**Task directions:** Nothing but the pictures may be dropped; the rest of the listing is to be written out exactly.

**Dataset content:**
○ ○ ○ ○
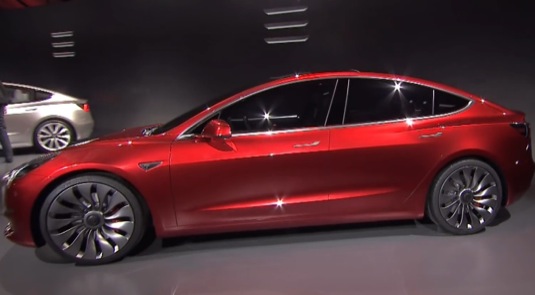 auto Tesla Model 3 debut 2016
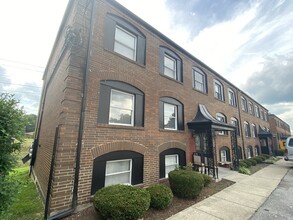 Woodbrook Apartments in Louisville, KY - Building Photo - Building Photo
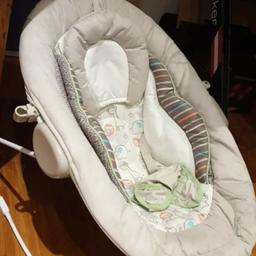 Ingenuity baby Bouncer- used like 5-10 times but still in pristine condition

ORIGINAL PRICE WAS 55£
○ ○ ○ ○
**Task answer:**
 auto Tesla Model 3 debut 2016
 Woodbrook Apartments in Louisville, KY - Building Photo - Building Photo
 Ingenuity baby Bouncer- used like 5-10 times but still in pristine condition

ORIGINAL PRICE WAS 55£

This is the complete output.